*SOURCE DATA*:
--

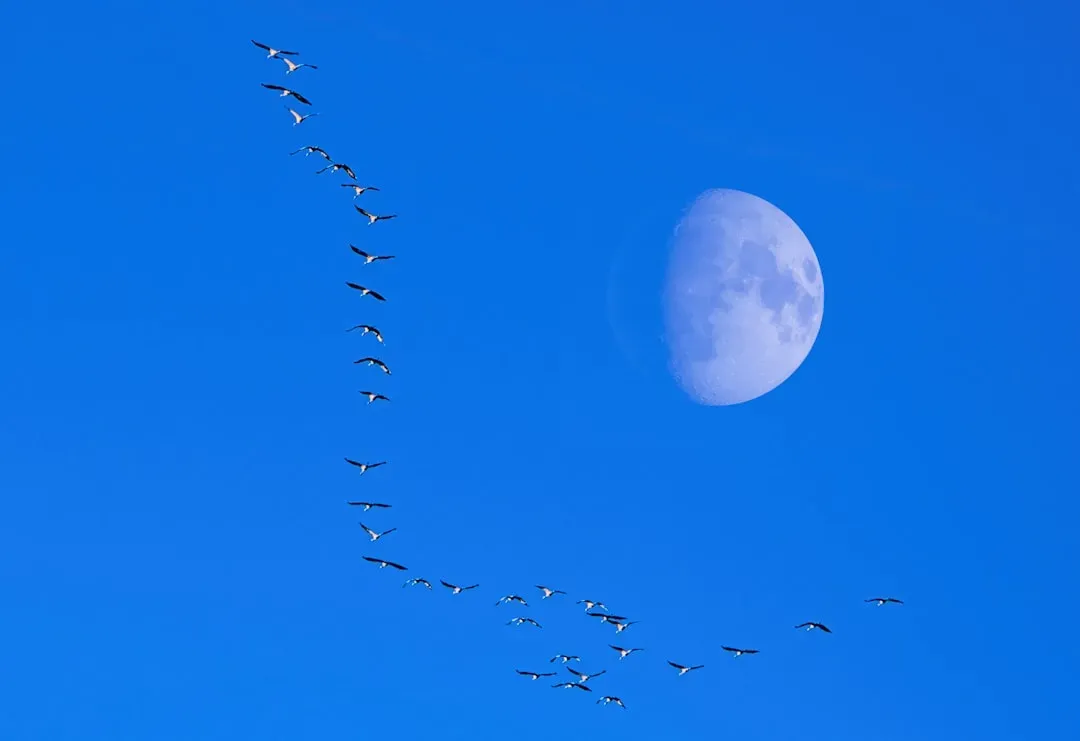 Conclusion: Listening to the Quiet Pull of the Moon (Image Credits: Unsplash)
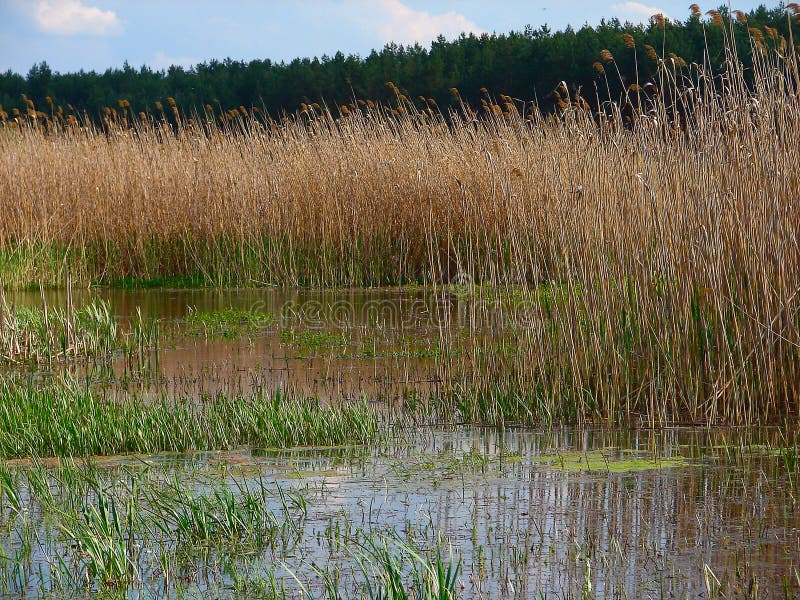 Summer Lake Shore In The Reeds Stock Photo Image Of Reeds Summer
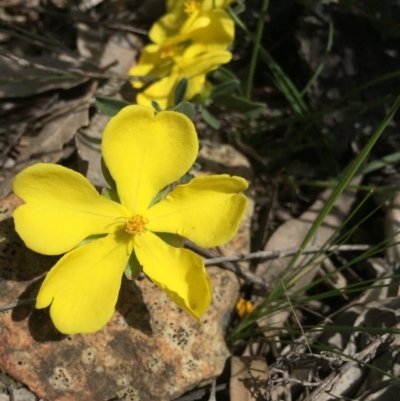 Hibbertia obtusifolia (Grey Guinea-flower) at Majura, ACT - 18 Oct 2020 by WalterEgo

--

*DESCRIPTION OF THE TASK*: Line for line, restate the data above and omit every picture.

*RESPONSE*:
 Conclusion: Listening to the Quiet Pull of the Moon (Image Credits: Unsplash)
 Summer Lake Shore In The Reeds Stock Photo Image Of Reeds Summer
 Hibbertia obtusifolia (Grey Guinea-flower) at Majura, ACT - 18 Oct 2020 by WalterEgo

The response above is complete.